Dianne Odell's wasn't the friendliest face behind the deli counter where she worked, but she conscientiously raised seven children on a limited income, according to friends in Pennsylvania.
The children were tired of moving, tired of switching schools. Still, one night the family mysteriously pulled up stakes again, without a word to the northern Pennsylvania couple who had befriended them.
"All they took with them was what they could take in the car," said Linda Milligan of Montrose, whose contractor-husband employed Odell's common-law husband, Robert Sauerstein. She said she often watched the children and bought them gifts and clothing during the 18 months the family spent in the area.
As odd as the January 2002 move seemed, no one suspected that the children's mother, Odell, might have a past that included the deaths of four newborns — or that she allegedly kept three of the corpses for at least a decade before abandoning them in a storage shed.
Odell, 49, was charged this week with killing those three babies in upstate New York in the early 1980s, after the bodies — wrapped in towels and blankets and two at least partly mummified — were found in a box in the shed in Safford, Ariz.

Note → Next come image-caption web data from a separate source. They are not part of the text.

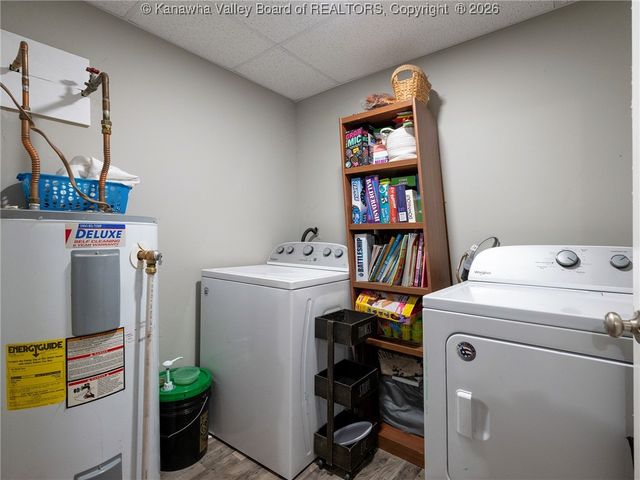 630 Jane Street, Charleston, WV 25302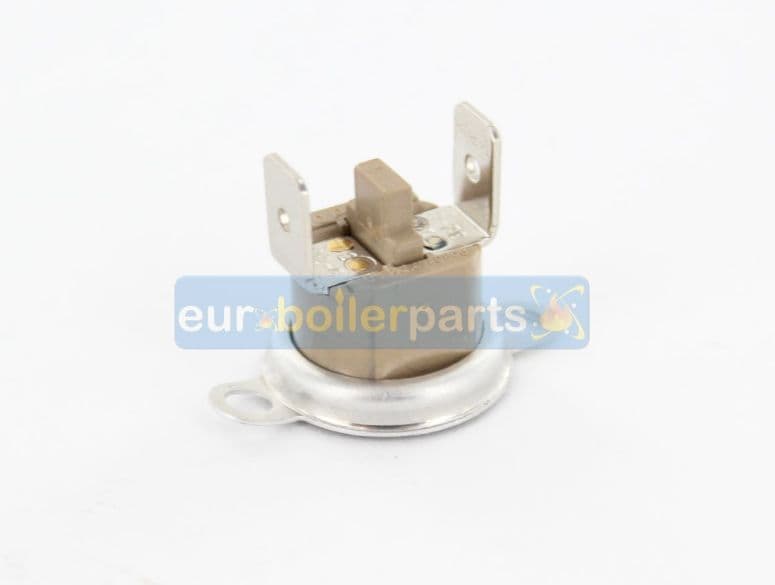 ST.300 Potterton Baxi Limit Stat Part No 404S613 929023 Compatible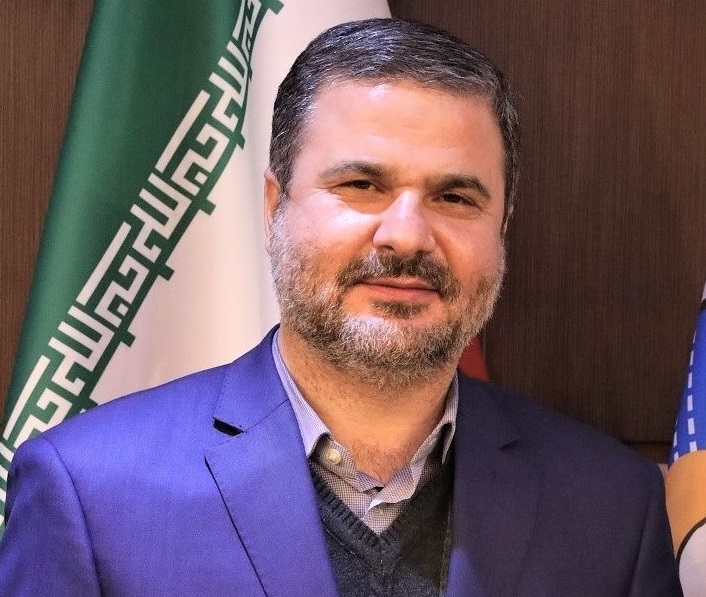 مدیرعامل بیمه ایران عضو اصلی هیأت بدوی رسیدگی به تخلفات اداری کارمندان وزارت اقتصادی شد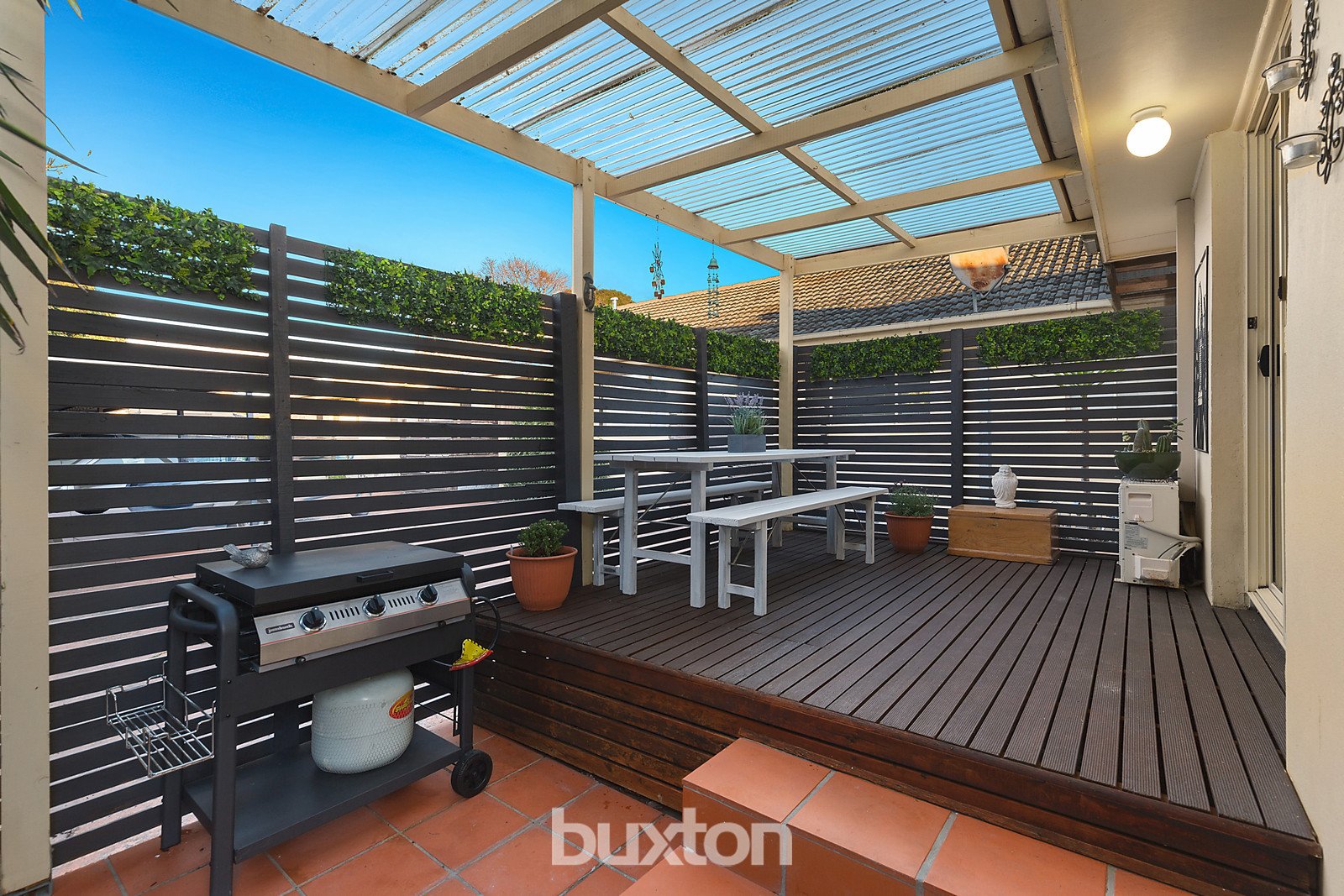 Gallery: 5/11 Burns Avenue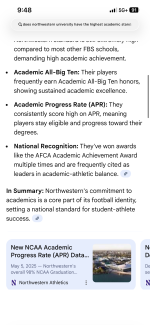 IMG_1613.png IMG_1613.png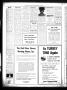 Thumbnail image of item number 2 in: 'The Bogata News (Bogata, Tex.), Vol. 58, No. 5, Ed. 1 Thursday, November 9, 1967'.
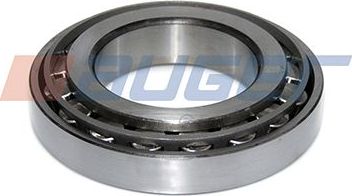 Ступичный подшипник Auger. Артикул 69711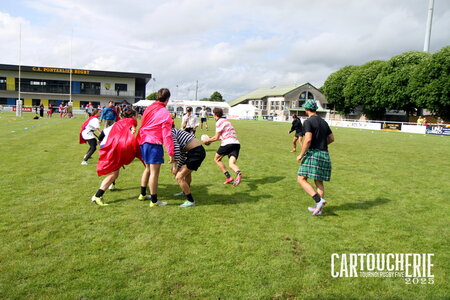 CarToucherie 2025, IMG_8210_v2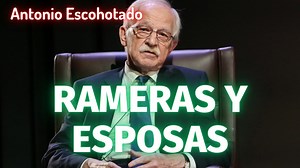 🚩MARX ME DORMIA - Entrevista Antonio Escohotado - Reacción #escohotado #filosofia #reflexiones Únete a este canal para acceder a sus beneficios 😃ACCEDE AL DESCUENTO DEL LIBRO: https://desarrollanding.com/producto/libro-y-audiolibro-de-1-a-100-dia-a-dia-de-historias-y-aprendizajes-ezequiel-yuan/ 💸DONACIONES: Mercado pago: alias: EZEQUIELYUAN.MP Paypal: https://paypal.me/ezequielyuan?locale.x=es_XC por TRANSF BANC para no perder impuestos: ALIAS Brubank: EZEQUIELYUAN Mis canales: 👍CANAL PERSON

Investigators say Odell told them the babies discovered died shortly after birth. Their deaths were never reported to police.
"I was never really close with my mom, and I don't want to comment," Michelle Lee Odell, 22, of Windsor, N.Y., one of three adult daughters from Odell's first marriage, said this week.
Authorities found Odell — whose previous addresses reportedly include Utah, Arizona, Texas and New York — living with Sauerstein and the children in Rome, Bradford County, near the New York state border. She was arrested after she crossed the state line to be interrogated about the babies' bodies.
The bodies underwent preliminary autopsies in Arizona and will undergo further examination by a state police "team of forensic experts."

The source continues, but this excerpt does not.